• **THE TASK**: Give back exactly the first lines of the entries below, through the line with "PLATINUM Japanese Fountain".

======== DATASET ========

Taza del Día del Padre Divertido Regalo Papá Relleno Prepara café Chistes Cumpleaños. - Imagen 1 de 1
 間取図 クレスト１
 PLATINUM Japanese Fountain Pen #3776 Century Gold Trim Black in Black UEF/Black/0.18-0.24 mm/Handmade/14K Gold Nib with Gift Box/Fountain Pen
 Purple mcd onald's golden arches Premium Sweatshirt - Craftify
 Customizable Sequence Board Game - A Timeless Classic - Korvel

========

• **REPLY TO THE EXERCISE**:
Taza del Día del Padre Divertido Regalo Papá Relleno Prepara café Chistes Cumpleaños. - Imagen 1 de 1
 間取図 クレスト１
 PLATINUM Japanese Fountain Pen #3776 Century Gold Trim Black in Black UEF/Black/0.18-0.24 mm/Handmade/14K Gold Nib with Gift Box/Fountain Pen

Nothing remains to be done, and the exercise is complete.